Start of Records supplied
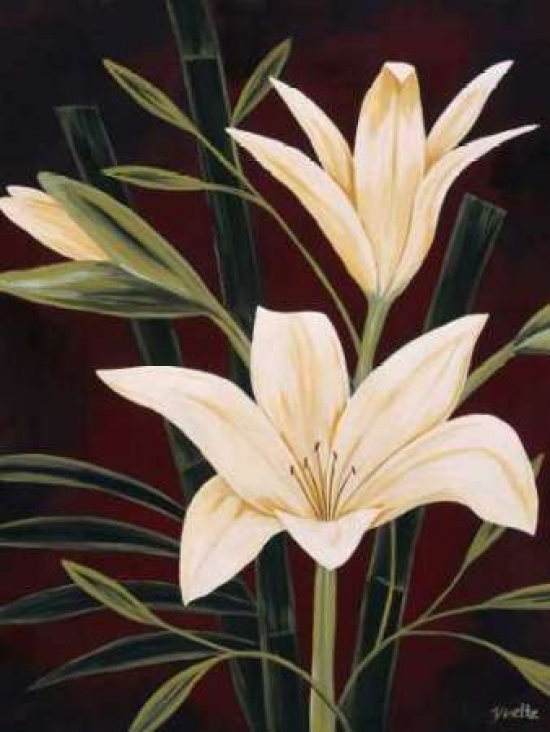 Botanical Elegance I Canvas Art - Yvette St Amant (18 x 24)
End of Records supplied
Start of Records supplied
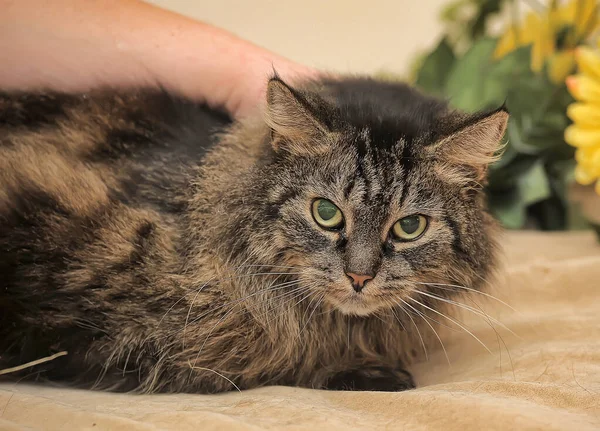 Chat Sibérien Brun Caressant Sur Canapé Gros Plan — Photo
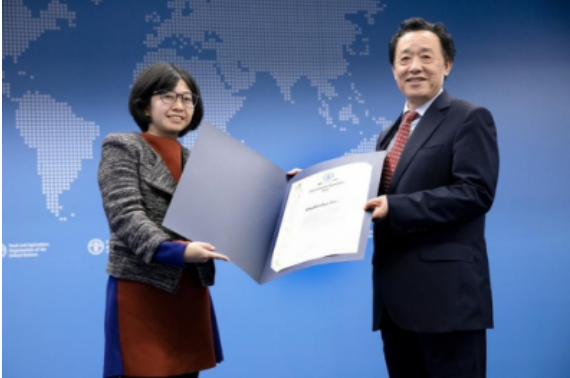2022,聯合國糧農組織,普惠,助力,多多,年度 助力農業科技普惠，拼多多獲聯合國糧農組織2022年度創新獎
End of Records supplied
Start of Records supplied
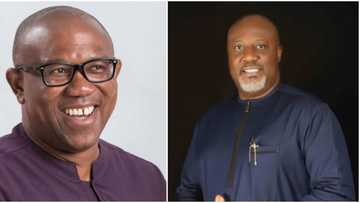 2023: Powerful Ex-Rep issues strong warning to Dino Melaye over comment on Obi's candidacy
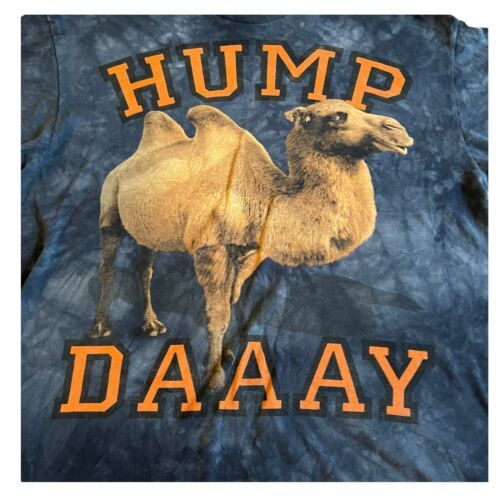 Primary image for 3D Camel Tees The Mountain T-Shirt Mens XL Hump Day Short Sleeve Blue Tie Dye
End of Records supplied
Give back exactly the lines of the listing above from the one that contains "Chat Sibérien Brun" up to and including the one that contains "2022,聯合國糧農組織,普", but not the pictures, and no other lines.

:: Output ::
 Chat Sibérien Brun Caressant Sur Canapé Gros Plan — Photo
2022,聯合國糧農組織,普惠,助力,多多,年度 助力農業科技普惠，拼多多獲聯合國糧農組織2022年度創新獎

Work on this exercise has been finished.